Start of RAW DATA
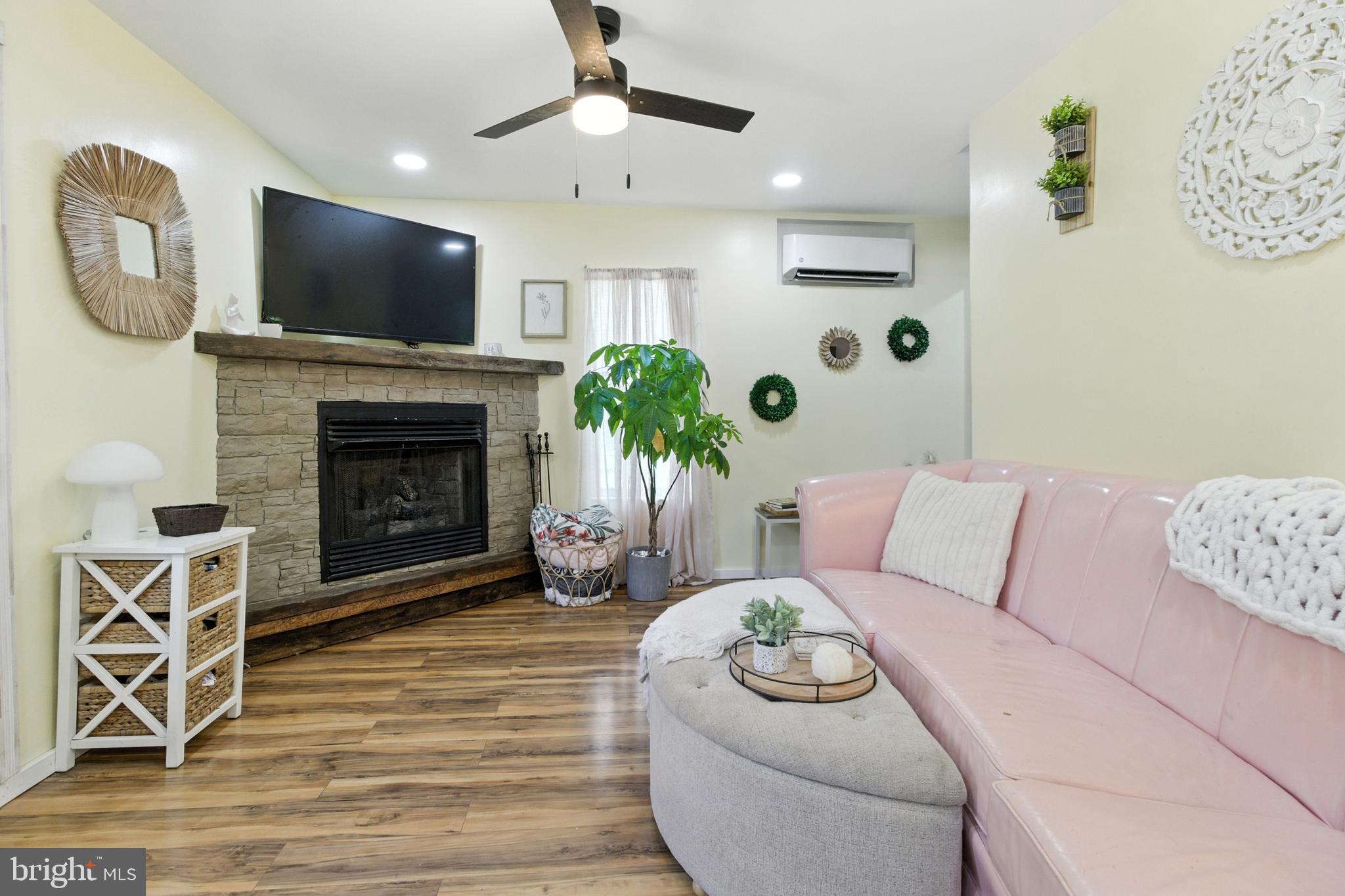 674 RED SCHOOLHOUSE ROAD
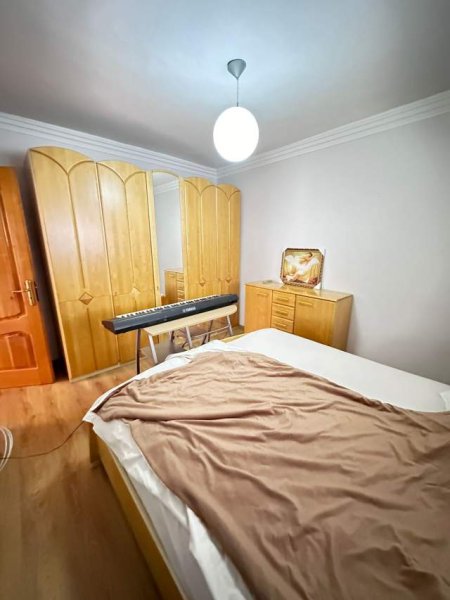 Tirane, jepet me qera apartament 2+1 Kati 3, 80 m² 500 Euro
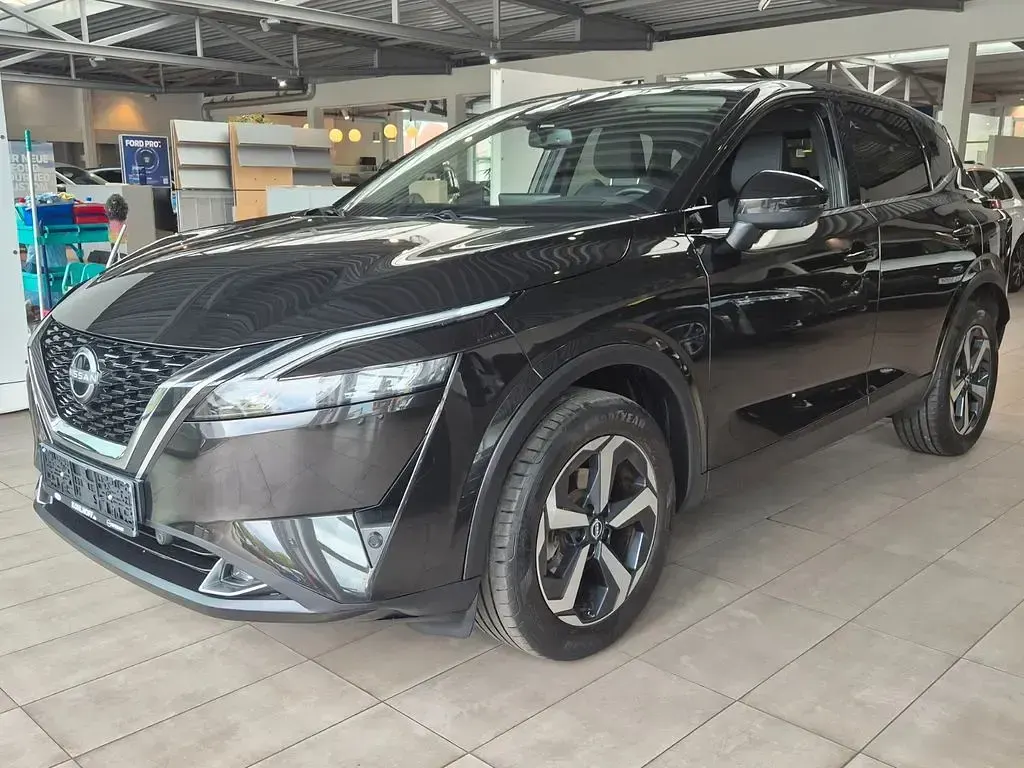Gebraucht Nissan Qashqai 360º 140 PS (102 kW) 2022 Schwarz SUV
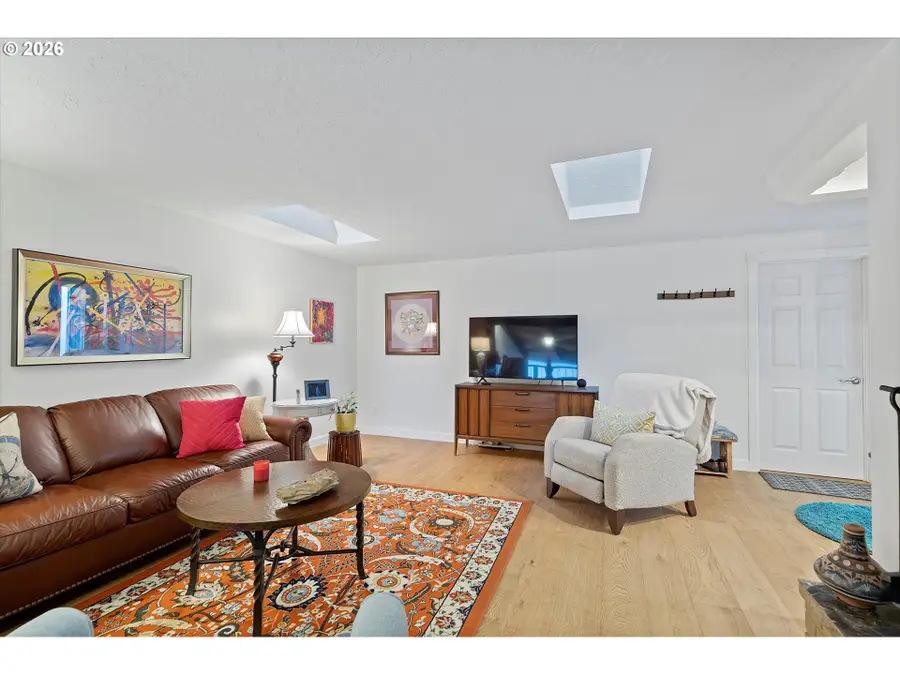 1120 NW Shadywood St, McMinnville, OR 97128 - #3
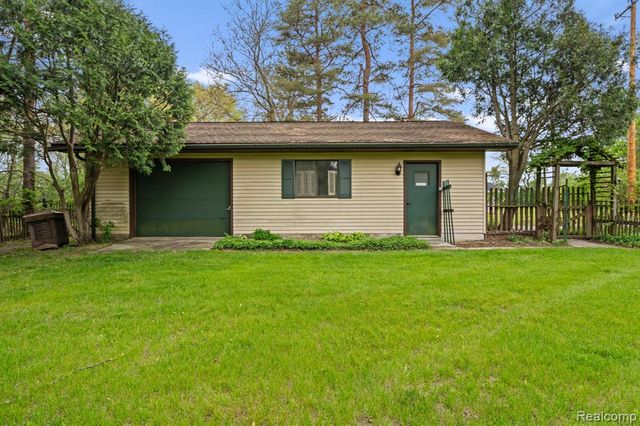 7540 Dexter Pinckney Road, Dexter, MI 48130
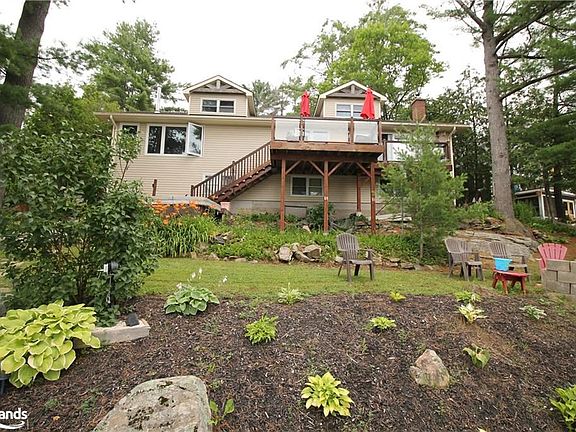 3rd image of 1051 Evanswood Dr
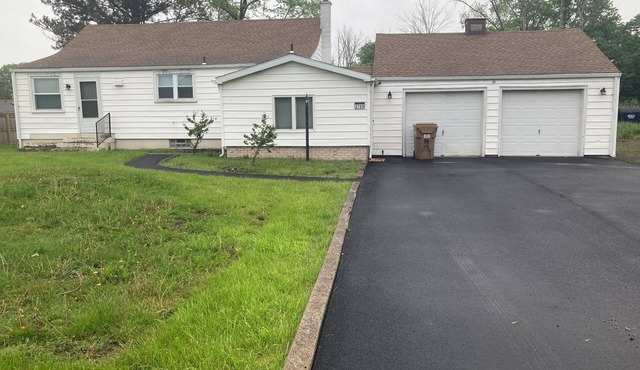 2-bedroom house in beautiful Grand Island! 4 miles from Niagara Falls!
End of RAW DATA
PROBLEM TO WORK ON:
Repeat the data above in full and exactly. Omit every image.

EXERCISE SOLUTION:
 674 RED SCHOOLHOUSE ROAD
 Tirane, jepet me qera apartament 2+1 Kati 3, 80 m² 500 Euro
Gebraucht Nissan Qashqai 360º 140 PS (102 kW) 2022 Schwarz SUV
 1120 NW Shadywood St, McMinnville, OR 97128 - #3
 7540 Dexter Pinckney Road, Dexter, MI 48130
 3rd image of 1051 Evanswood Dr
 2-bedroom house in beautiful Grand Island! 4 miles from Niagara Falls!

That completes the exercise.